Compreender essas diferenças ajuda a esclarecer dúvidas comuns e a entender por que cada caso deve ser avaliado de forma individual por um oftalmologista.

O que todas as cataratas têm em comum?

Independentemente do tipo, a catarata ocorre quando o cristalino, a lente natural do olho responsável por focar a luz na retina, perde sua transparência.

Quando isso acontece, a passagem da luz fica prejudicada, e a imagem formada no cérebro perde nitidez, resultando em visão embaçada ou turva. Esse processo costuma ser progressivo.

Catarata senil: a mais comum

A catarata senil é o tipo mais frequente e está relacionada ao envelhecimento natural do olho.

Com o passar dos anos, o cristalino sofre alterações em sua estrutura, tornando-se gradualmente menos transparente.
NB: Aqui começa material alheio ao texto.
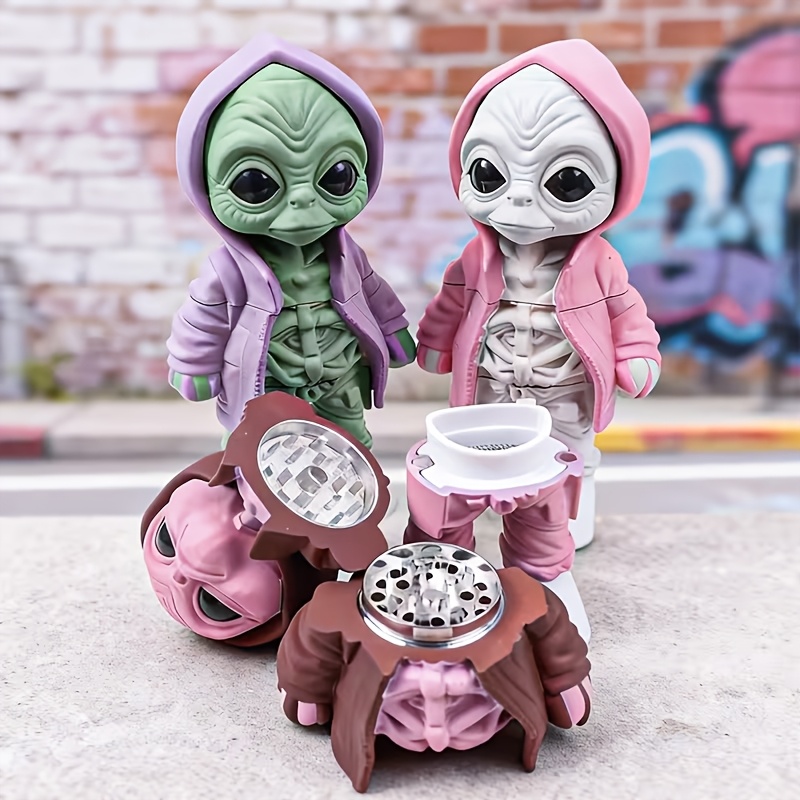 Men Accessories For Gift - Penggiling Herbal Alien Lucu, Penggiling Bumbu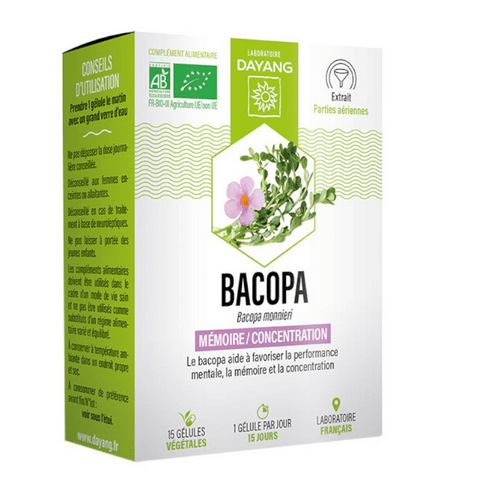 Organic Bacopa 15 capsules - DAYANG - OzHealthStandard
Como consequência, atividades como leitura, direção noturna e reconhecimento de detalhes podem se tornar mais difíceis.

Esse tipo de catarata costuma surgir a partir da meia-idade e evolui de forma lenta, permitindo acompanhamento ao longo do tempo.

Catarata congênita: presente desde o nascimento

A catarata congênita está presente desde o nascimento ou surge nos primeiros meses de vida. Ela pode estar associada a fatores genéticos, infecções durante a gestação ou alterações no desenvolvimento ocular.

Na infância, a atenção é ainda maior, pois a visão está em fase de formação. A identificação precoce é essencial para evitar prejuízos no desenvolvimento visual.

Catarata senil o que é? Fonte: Freepick

Catarata secundária: quando surge por outra causa

A catarata secundária não está diretamente ligada ao envelhecimento. Ela pode surgir como consequência de outras condições ou fatores, como:

  • Diabetes
  • Uso prolongado de corticoides
  • Traumas oculares
  • Inflamações nos olhos
  • Outras doenças oculares

Nesses casos, a catarata aparece associada a um fator pré-existente, o que reforça a importância do acompanhamento oftalmológico em pessoas com doenças crônicas ou histórico ocular relevante.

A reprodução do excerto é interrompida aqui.